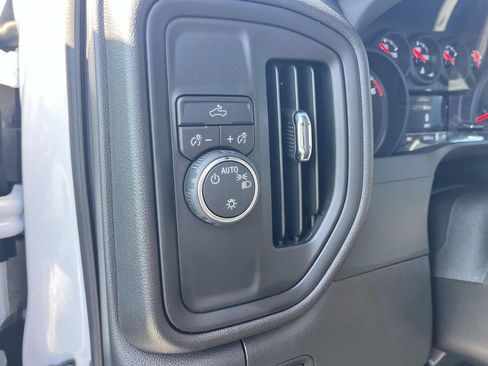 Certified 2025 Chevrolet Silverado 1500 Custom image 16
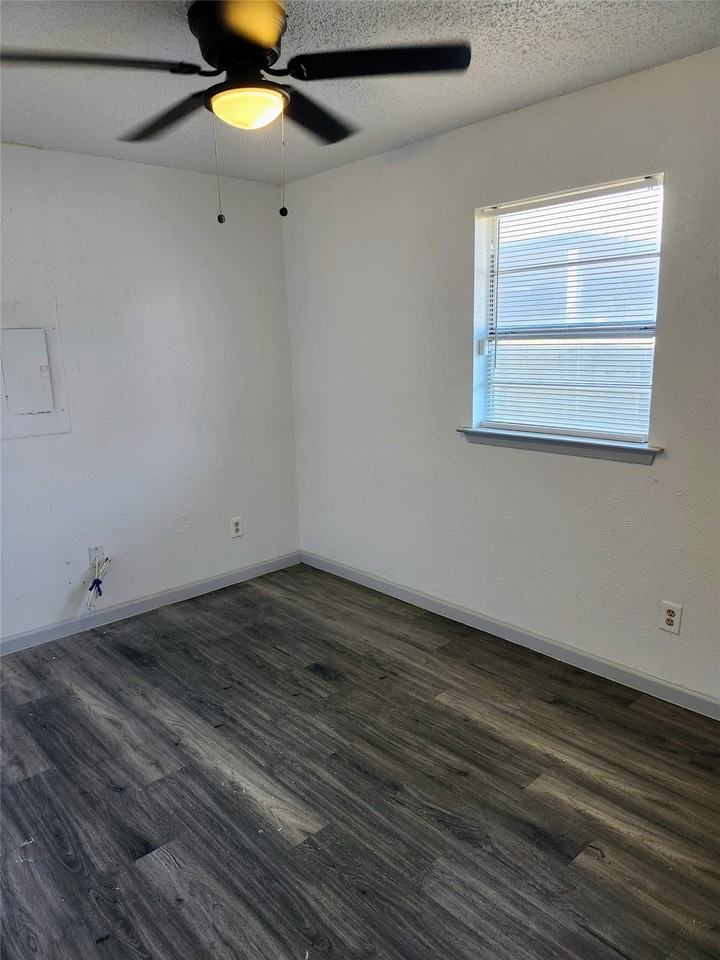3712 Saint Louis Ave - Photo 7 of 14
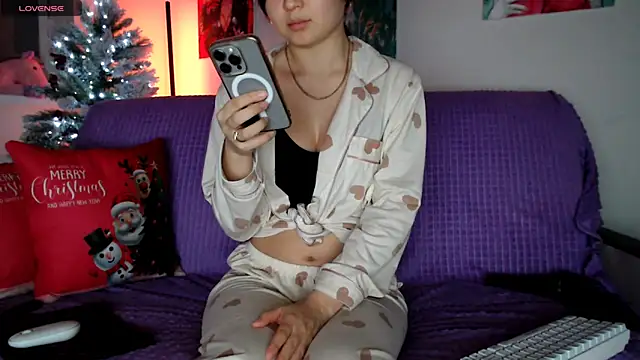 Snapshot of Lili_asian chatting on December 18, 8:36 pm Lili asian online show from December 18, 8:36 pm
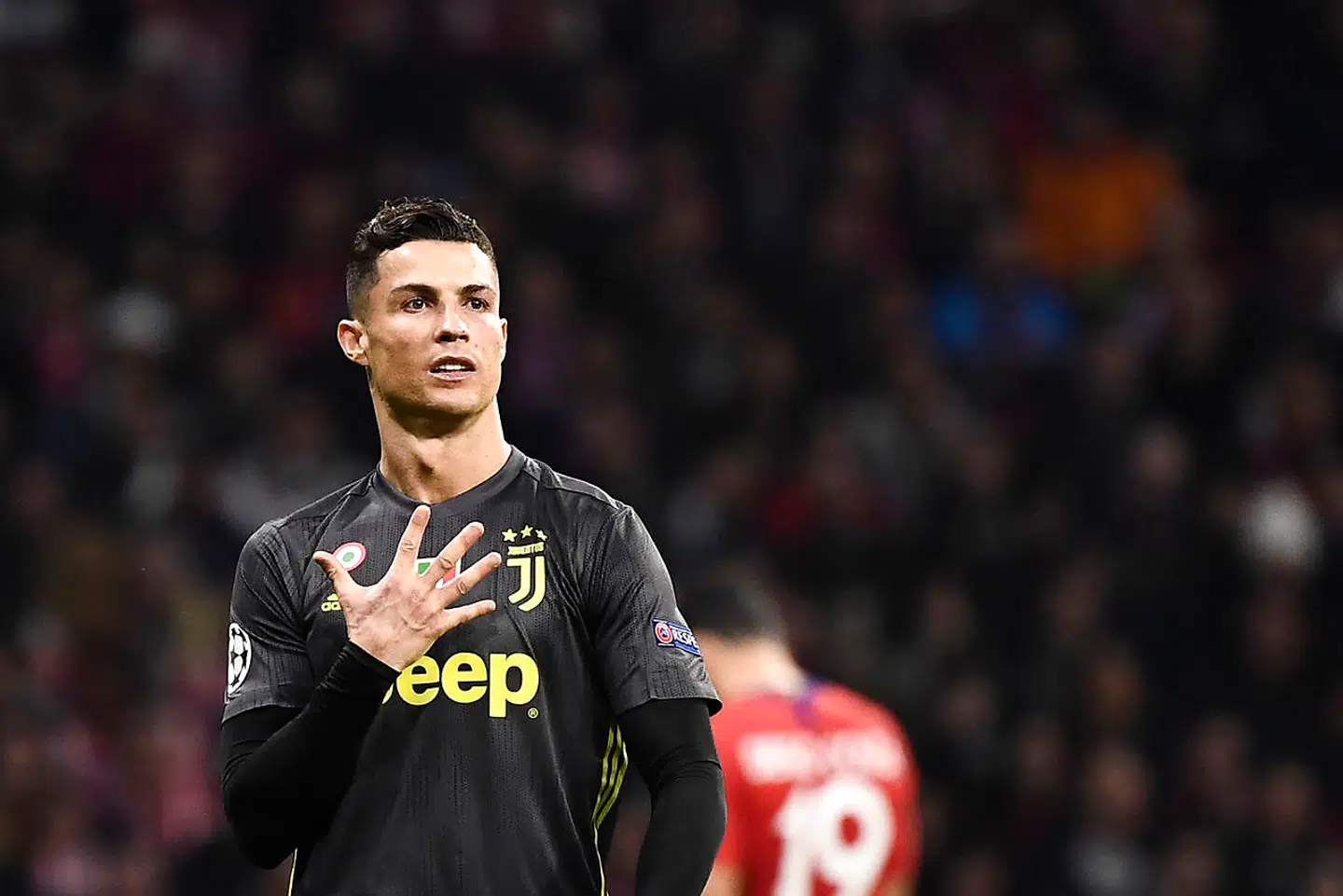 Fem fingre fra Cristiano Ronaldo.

## What to work on
Could you retype the whole listing word for word, minus its pictures?

## Task response
 Certified 2025 Chevrolet Silverado 1500 Custom image 16
3712 Saint Louis Ave - Photo 7 of 14
 Snapshot of Lili_asian chatting on December 18, 8:36 pm Lili asian online show from December 18, 8:36 pm
 Fem fingre fra Cristiano Ronaldo.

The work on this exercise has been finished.